At least, that’s the picture I got this past Sunday.
My mum had come to visit me and to make her comfortable, I had rented a car to chauffeur her with.
She has developed back problems so matatus are a huge inconvenience for her.
On Sunday, she said she wanted to leave so I dropped her in town where my brother picked her and took her home. I had initially wanted to return the car immediately but the devil told me to drive back to the hood and relax first. I did exactly that and on the way to my house, I stopped outside a fast food joint to get some lunch.
I parked the car and walked to an M-Pesa stall that was just next to the food joint to withdraw some cash first. I found the attendant doing her nails.
“Naeza toa 2k?” I asked.
“Uko na ID?”she responded, without looking at me.
I checked my wallet for my ID but surprisingly it wasn’t there. I was sure I had put it there when I left the house.
“Sina ID. Nimeisahau. But nitakwambia ID number,” I told her.
“Hapana. Enda ukuje na ID,” she responded.

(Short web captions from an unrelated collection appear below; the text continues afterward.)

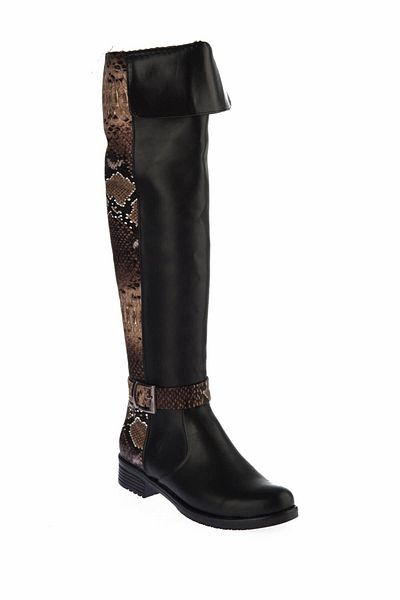 Fox Schwarze Nerzschlangen-Damenstiefel E726561809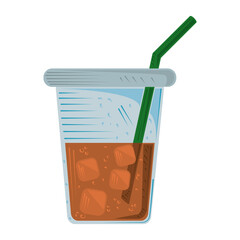 Wall Mural - tea plastic cup with straw and ice cubes icon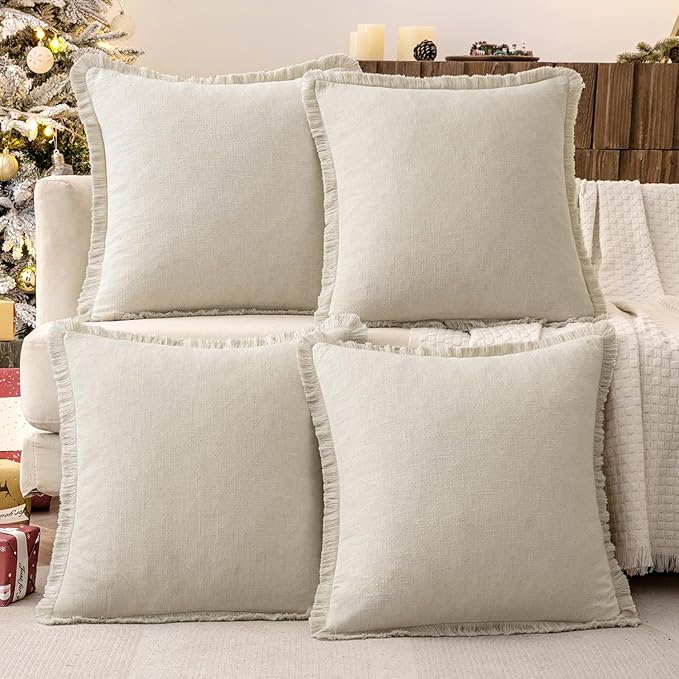 MIULEE Linen Pillow Covers 18x18 Inch Natural Beige Decorative Throw Pillows with Fringe Pack of 4 Soft Farmhouse Boho Couch Pillows Home Decors for Sofa Cushion Living Room Bed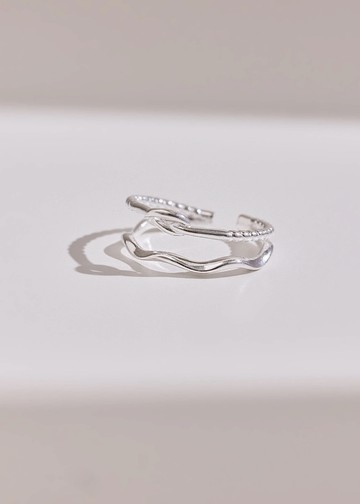 雙層麻花結・純銀戒指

All this time, she hadn’t looked at me even once. I checked my wallet again but the ID was nowhere to be seen. I started getting worried. I always fear losing my ID or any other important national documents because I hate going to government offices.
All my experiences in government offices and institutions have never been pleasant.
I recall how a lady at Nyayo House talked to me very rudely when I was trying to get a passport a few years back. I told her to style up and in return, she refused to serve me.
I am a calm guy but I don’t like being pushed or disrespected so I refused to step away from the counter. This led to a standoff.
The security guards were called to escort me away but I was as immovable as the rock of Lwanda Magere.
More security guards came over and upon realising that I would be the loser in the end, I came up with the bossy lie - “Mnajua uncle yangu ni nani hii Kenya? Mnanijua kweli?”
I acted like my uncle was a big fish. I picked up the phone and pretended to call him. All of a sudden, everyone became humble and they all urged me not to take any excessive action.